To find the levels of sound in the immediate environment, we have a sound sensor attached to LEDs to pinpoint when you have reached a level of sound in your environment that will become hazardous with extended exposure.

But what determines those levels is a (relative) understanding of how the sound meter relates to decibels.

This is a bit of a problem, because I am incredibly sucky at maths, but should be fairly simple to get a basic understanding of.

143
133
29
61
53
66
2
109
165
22
79
38
33

Omitting the 0 readouts, this is what the sensor gives us over a couple of seconds. The numbers are highly varied and show no clear graduation between low to high sound, perfectly indicative of how sound works, the sudden, incidental and unexpected is much documented in these readings, emphasised to a degree by having the sensor on its highest setting.

Translating these numbers is (at least for silly me) no small task, given that the power for each sound is increased for every three decibels.
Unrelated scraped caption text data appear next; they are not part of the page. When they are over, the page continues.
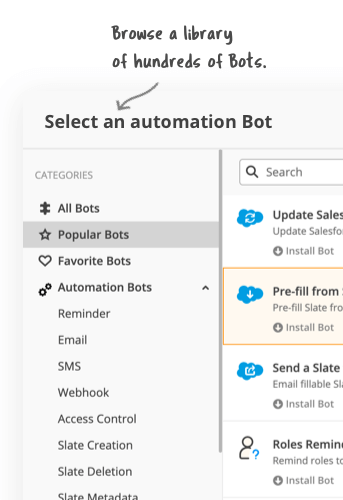 Built-in robotic process automation
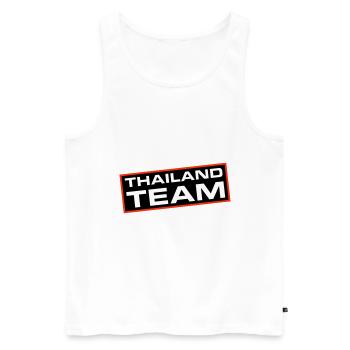 Thailand Team - Men's Premium Organic Tank Top - white - Front - AI Model Male 178 light (178cm)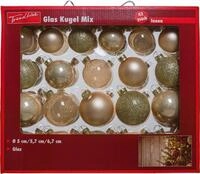 Trend Line Christbaumschmuck TrendLine Weihnachtskugeln aus Glas &Oslash; 5/ 5,7/ 6,7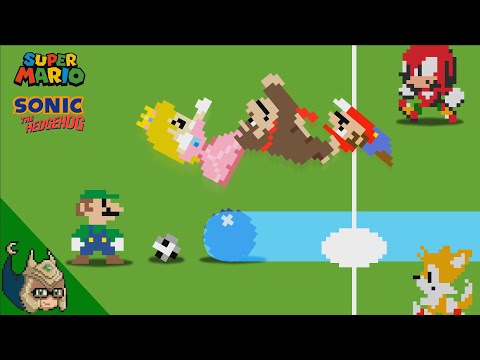 Super Mario vs Sonic the Hedgehog (FOOTBALL/SOCCER MATCH)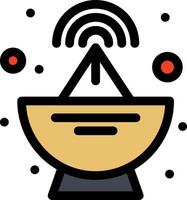 A bowl with a wifi symbol on it vector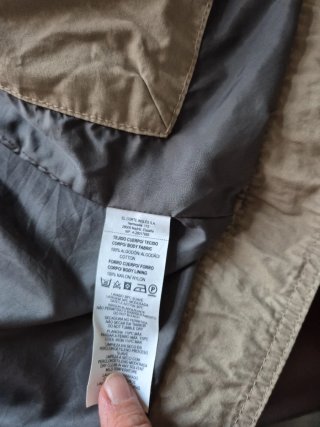 Chaquetón Beige Talla M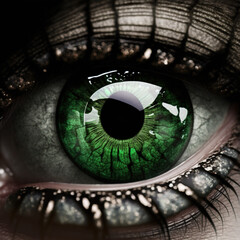 green eye person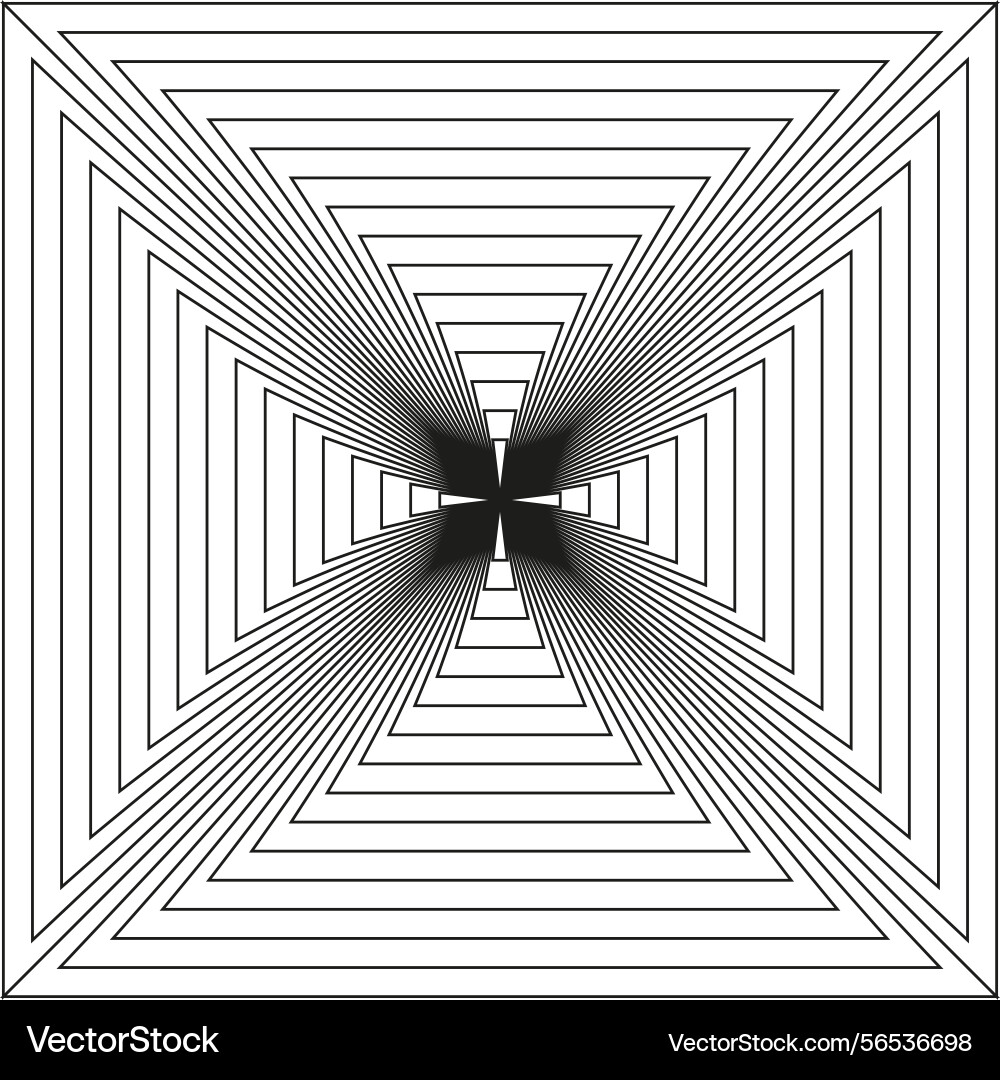 Optical triangle grid linear motion field Vector Image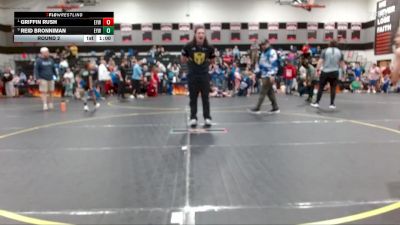 70 lbs Round 2 - Griffin Rush, Unaffiliated vs Reid Bronniman, Cobra Wrestling Club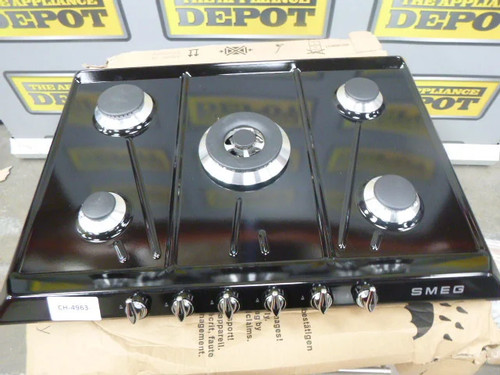 Smeg gas hob black - smeg,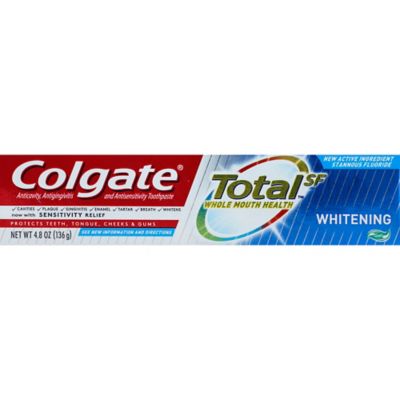 Colgate&reg; TotalSF&trade; 4.8 oz. Whitening Gel Toothpaste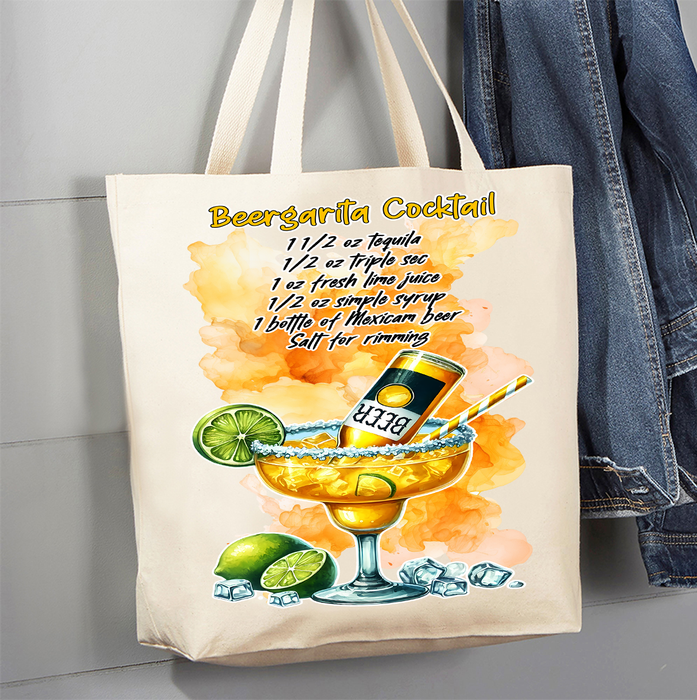 Summer Cocktail Beergarita Canvas Tote Bag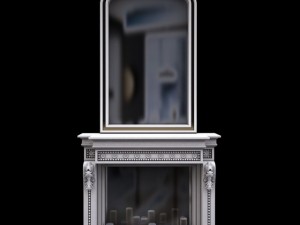 fireplace and mirror Model 3D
However, for the sake of time, I’ve left algebra for the most part to the side and worked out what the numbers mean against an android sound sensor with a decibel readout.

270 – 90dB

230 – 85dB

200 – 80 dB

140 – 70dB

80 – 60dB

These numbers are roughly accurate, and allow us to make better sense of what the sensor is giving us.

Considering decibels, we know that  85 decibels is safe for eight hour exposure per day times, and that with 91 decibels we are looking at a safe exposure time of only two hours. Referencing what we know of the three decibel incremental value, for every three added decibels the safe listening time is cut in half. That means 82 decibels has a safe exposure time of 16 hours, and 79 has a safe time of 32hrs. As such, we can work out that a round figure of 80 dB has a safe daily exposure limit without risking premature NIHL.

In addition, if we wanted to find out what the accumulative exposure to a level of sound would be for a twenty four hour period, we can also roughly work it out.

For 80dB, an accumulative reading per minute from the sensor would total 288,000 at the end of a 24 hour period. For 85dB, it would be 331,200, for 90dB, 388,800.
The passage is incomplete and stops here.